In a parallel or future world – one in which all our national crises were still in train, but we had a government focused on solving problems rather than firefighting the consequences of its own incompetence and enriching itself – what would be different?
Would we be back on speaking terms with the EU, and trying to reverse some of the financial pain Brexit has caused? Would we reconsider freedom of movement to ease the labour shortage? Would we stop trying to send refugees to Rwanda and erase that awful stain on the national character? Would we at least recognise that a pay rise to bust inflation isn’t the first step to anarchy, and anything less is a pay cut? Would we recognise that going on strike is a powerful collective act, not a needless inconvenience caused by pests?
The Labour leader would prefer not to say. Although as it emerged at the weekend that Keir Starmer’s forthcoming speech on immigration will rule out freedom of movement, maybe it’s less depressing when he can’t decide. But it is all pretty depressing.
Anyone who thinks they can explain the party’s general timidity on this issue by analysing this leader, with this team, in this context, has a very short memory. Labour has a rich history of rolling over, especially on issues of race, immigration and asylum. It was Tony Blair who barred asylum seekers from working and created a cycle of destitution that persists. Who could forget Ed Miliband’s “controls on immigration” mug (certainly not me, as I still own one. I use it to drink bitter herbs, while doing incantations), or Harriet Harman’s decision to ask Labour MPs to abstain on welfare cuts, while furiously castigating Tory welfare cuts? Who could forget Gordon Brown’s “British jobs for British workers” in 2007, a phrase lifted straight from the National Front, which he always claimed never to regret, and yet we all knew was miles away from what he believed? Even Jeremy Corbyn and Diane Abbott, who were initially so good at tackling rightwing narratives head-on, faltered on the immigration bill in 2019, whipping their MPs to abstain before a backbench rebellion forced them to oppose it.

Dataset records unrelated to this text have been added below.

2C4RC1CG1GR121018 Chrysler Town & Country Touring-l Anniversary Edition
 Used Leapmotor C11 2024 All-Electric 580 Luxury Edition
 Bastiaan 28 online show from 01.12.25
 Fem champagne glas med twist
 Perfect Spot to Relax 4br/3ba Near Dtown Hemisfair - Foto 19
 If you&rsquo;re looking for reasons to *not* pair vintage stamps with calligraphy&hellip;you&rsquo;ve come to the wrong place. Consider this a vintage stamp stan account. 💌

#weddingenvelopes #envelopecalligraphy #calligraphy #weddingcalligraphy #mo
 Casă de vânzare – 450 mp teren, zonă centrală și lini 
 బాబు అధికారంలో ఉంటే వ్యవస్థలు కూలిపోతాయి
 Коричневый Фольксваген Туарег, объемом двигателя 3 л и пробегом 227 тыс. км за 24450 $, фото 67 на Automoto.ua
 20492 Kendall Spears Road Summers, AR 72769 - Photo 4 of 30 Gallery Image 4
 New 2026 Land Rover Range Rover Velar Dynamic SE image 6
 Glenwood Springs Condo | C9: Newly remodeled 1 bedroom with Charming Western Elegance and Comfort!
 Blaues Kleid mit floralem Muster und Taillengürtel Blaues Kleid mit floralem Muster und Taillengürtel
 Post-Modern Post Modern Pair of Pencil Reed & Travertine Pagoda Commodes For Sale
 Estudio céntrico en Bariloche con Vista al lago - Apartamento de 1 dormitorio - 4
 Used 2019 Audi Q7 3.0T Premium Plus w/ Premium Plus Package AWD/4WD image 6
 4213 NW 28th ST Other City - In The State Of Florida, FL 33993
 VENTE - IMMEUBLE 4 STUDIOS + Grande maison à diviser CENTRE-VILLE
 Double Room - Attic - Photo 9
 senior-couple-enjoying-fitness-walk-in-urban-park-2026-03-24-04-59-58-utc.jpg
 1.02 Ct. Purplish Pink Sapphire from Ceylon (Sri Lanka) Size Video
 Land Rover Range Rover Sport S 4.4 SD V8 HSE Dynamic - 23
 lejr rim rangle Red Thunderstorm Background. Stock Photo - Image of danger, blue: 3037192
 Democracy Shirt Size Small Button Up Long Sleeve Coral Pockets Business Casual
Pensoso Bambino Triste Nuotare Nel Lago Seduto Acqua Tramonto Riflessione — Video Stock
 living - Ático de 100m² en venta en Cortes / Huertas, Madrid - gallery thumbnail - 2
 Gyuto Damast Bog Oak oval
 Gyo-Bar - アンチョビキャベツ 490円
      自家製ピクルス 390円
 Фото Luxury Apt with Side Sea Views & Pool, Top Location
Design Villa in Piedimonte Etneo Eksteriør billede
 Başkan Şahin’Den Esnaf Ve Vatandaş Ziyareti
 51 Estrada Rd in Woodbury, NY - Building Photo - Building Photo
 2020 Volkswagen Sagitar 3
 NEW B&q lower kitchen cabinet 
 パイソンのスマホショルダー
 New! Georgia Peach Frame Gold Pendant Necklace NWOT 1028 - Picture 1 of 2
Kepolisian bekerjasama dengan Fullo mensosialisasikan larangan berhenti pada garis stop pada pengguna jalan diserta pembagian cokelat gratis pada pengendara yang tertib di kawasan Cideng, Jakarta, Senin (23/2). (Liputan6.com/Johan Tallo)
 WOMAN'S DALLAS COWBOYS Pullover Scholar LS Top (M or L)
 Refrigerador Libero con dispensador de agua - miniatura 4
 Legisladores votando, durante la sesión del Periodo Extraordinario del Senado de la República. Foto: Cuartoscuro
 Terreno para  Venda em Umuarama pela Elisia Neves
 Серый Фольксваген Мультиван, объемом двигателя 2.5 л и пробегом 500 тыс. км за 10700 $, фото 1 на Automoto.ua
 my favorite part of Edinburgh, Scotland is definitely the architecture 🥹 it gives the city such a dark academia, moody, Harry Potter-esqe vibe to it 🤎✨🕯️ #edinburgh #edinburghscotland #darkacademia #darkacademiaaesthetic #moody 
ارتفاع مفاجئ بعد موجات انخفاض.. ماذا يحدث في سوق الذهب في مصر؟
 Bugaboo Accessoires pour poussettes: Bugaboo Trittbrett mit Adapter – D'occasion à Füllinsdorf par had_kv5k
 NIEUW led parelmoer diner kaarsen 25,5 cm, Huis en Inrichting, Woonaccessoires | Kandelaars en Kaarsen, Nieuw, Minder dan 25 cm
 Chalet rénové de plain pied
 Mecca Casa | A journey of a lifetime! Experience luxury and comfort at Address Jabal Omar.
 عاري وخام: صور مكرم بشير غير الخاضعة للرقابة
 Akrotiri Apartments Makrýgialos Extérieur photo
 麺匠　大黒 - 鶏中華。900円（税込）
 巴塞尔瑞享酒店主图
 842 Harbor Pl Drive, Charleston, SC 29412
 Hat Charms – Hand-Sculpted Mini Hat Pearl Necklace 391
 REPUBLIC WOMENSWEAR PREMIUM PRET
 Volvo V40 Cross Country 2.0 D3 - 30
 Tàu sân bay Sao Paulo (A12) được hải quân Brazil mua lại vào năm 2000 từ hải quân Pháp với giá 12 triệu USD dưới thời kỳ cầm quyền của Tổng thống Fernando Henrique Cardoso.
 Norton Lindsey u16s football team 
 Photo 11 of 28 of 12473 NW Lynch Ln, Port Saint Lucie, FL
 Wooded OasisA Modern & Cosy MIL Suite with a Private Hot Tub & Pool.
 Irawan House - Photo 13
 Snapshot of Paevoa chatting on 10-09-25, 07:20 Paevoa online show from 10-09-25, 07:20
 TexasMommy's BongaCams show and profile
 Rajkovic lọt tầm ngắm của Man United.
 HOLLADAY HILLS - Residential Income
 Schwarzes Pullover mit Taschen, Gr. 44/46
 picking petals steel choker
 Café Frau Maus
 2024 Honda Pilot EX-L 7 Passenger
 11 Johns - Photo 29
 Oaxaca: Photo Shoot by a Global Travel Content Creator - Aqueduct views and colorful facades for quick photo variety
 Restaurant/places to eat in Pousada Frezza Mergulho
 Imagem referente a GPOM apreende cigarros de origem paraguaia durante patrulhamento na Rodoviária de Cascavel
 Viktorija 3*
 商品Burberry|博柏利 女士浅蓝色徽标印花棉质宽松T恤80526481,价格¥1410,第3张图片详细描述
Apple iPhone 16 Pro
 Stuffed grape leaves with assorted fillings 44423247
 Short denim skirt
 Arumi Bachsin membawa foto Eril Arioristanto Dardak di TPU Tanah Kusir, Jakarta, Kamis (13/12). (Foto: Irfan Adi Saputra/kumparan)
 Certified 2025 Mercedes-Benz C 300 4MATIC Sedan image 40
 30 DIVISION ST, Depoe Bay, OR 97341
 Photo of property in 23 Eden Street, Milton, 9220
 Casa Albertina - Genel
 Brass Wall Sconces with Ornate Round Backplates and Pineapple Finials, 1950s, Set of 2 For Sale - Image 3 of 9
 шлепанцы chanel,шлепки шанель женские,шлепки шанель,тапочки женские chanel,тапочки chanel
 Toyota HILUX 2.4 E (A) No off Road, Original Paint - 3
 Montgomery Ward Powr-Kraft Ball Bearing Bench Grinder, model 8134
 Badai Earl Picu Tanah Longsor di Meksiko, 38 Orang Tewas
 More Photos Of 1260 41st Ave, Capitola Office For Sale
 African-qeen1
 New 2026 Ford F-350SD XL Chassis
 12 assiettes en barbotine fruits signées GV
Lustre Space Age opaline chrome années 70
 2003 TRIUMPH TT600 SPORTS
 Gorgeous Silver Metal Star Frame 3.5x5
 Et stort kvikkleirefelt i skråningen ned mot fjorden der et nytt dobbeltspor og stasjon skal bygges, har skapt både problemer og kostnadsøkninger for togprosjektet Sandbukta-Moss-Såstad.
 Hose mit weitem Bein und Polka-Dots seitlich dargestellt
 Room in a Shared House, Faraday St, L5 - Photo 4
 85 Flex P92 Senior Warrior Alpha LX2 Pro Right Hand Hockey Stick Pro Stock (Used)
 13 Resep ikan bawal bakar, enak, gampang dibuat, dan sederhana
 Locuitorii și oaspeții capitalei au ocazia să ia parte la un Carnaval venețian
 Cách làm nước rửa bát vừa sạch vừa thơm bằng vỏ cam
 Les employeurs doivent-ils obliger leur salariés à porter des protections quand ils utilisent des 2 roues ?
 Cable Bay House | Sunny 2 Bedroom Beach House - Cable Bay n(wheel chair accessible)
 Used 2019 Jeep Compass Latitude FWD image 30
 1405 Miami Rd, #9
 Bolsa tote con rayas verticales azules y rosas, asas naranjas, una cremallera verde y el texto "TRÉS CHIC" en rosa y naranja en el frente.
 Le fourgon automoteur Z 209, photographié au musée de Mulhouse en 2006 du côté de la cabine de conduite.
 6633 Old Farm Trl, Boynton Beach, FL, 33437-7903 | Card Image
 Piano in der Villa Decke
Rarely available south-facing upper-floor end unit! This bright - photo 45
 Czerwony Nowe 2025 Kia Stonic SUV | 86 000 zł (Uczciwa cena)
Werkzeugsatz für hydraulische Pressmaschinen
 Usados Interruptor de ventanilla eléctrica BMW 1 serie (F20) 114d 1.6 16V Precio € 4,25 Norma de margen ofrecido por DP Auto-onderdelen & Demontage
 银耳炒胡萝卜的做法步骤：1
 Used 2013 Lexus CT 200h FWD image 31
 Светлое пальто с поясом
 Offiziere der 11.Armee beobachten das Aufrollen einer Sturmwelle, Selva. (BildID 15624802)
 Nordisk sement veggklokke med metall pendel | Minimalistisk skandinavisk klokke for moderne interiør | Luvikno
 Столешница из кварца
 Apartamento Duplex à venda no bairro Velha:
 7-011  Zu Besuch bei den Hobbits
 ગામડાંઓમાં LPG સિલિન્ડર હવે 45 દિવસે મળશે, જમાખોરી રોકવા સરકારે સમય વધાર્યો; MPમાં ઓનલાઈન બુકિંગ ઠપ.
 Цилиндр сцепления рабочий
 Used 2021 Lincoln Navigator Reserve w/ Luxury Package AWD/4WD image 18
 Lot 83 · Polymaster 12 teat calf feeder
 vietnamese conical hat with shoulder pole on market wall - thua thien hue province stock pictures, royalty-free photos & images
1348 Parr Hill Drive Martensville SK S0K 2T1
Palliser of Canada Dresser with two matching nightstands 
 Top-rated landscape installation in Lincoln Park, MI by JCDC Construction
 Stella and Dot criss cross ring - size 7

People often blame Labour’s focus-group culture for its failure to fully oppose xenophobia. The mainly unspoken assumption is that regular British people, from the “red wall” to “Waitrose woman”, are fundamentally a bit racist – nothing wild, mind, just enough to frighten them off any politician who has any fundamental and unyielding anti-racist values. In fact, I think the exact opposite is true: every poll on everything, from voting intentions to word clouds, suggests that people are crying out to hear some real values. Even if they don’t agree with them, they would prefer to hear someone say them out loud. That’s what they mean when they call Starmer “boring” – they don’t mean, “Wouldn’t it be great if he was a bit sillier, and got stuck on a zip-line, or had some interesting hobby, like ballroom dancing?” They mean, “Tell us what you actually stand for.”
I don’t even think focus groups are the problem. A more fundamental assumption has been dogging the party for decades: that if you appease the rightwing press enough, dodge the thornier issues carefully and skirt round ideological differences, it won’t come after you, and it will give your programme a fair hearing. The opposite is true and, after all this time, for any politician not to have noticed that is unforgivable.
If a leader fails to oppose xenophobic policy ideas, the press will merely find a front-bench colleague who does, then make hay over the party’s “divisions”. Or it will dig out his previous speeches, from back when he had a spine, and laugh at the inconsistency. It doesn’t matter how much you roll over to the Mail or the Express – you’ll always be the same old leftie, only now you’re a lying leftie.
There is no sophisticated formula, no elegant alternative to saying who you are.